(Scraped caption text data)

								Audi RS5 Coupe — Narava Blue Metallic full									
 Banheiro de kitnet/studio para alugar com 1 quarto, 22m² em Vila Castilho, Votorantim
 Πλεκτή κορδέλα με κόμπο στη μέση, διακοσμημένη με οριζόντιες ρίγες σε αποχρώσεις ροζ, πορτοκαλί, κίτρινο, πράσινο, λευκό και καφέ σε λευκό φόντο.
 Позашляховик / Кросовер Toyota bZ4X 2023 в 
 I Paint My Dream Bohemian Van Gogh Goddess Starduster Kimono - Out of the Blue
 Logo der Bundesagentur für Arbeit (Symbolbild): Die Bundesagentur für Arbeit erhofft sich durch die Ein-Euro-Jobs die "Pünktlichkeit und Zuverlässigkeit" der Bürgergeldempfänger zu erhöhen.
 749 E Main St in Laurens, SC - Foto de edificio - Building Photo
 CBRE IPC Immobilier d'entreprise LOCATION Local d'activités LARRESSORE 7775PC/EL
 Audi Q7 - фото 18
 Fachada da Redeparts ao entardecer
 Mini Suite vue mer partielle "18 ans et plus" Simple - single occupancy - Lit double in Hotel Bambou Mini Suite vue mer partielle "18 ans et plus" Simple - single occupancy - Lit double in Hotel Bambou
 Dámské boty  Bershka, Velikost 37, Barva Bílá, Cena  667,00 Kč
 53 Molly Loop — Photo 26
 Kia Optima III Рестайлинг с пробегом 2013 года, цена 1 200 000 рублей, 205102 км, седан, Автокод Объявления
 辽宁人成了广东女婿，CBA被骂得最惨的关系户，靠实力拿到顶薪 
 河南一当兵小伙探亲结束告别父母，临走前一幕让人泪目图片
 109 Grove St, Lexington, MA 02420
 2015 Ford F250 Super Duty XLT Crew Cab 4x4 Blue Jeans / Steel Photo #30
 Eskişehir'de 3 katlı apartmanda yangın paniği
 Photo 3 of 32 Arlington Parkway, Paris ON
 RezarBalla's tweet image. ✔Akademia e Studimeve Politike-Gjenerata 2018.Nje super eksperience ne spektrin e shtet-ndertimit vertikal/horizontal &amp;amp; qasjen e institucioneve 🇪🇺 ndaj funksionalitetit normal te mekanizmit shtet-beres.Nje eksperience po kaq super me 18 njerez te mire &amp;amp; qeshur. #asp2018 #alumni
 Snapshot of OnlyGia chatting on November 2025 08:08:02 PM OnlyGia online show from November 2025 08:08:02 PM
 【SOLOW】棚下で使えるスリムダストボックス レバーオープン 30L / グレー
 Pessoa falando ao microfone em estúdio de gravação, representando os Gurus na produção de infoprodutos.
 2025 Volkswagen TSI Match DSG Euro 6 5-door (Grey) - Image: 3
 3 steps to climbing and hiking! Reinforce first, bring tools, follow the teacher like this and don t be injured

* DIRECTIONS FOR THIS TASK
Your task is to repeat the records exactly. Begin at their first line and stop after the line containing "I Paint My Dream".

* ANSWER TO THE PROBLEM
								Audi RS5 Coupe — Narava Blue Metallic full									
 Banheiro de kitnet/studio para alugar com 1 quarto, 22m² em Vila Castilho, Votorantim
 Πλεκτή κορδέλα με κόμπο στη μέση, διακοσμημένη με οριζόντιες ρίγες σε αποχρώσεις ροζ, πορτοκαλί, κίτρινο, πράσινο, λευκό και καφέ σε λευκό φόντο.
 Позашляховик / Кросовер Toyota bZ4X 2023 в 
 I Paint My Dream Bohemian Van Gogh Goddess Starduster Kimono - Out of the Blue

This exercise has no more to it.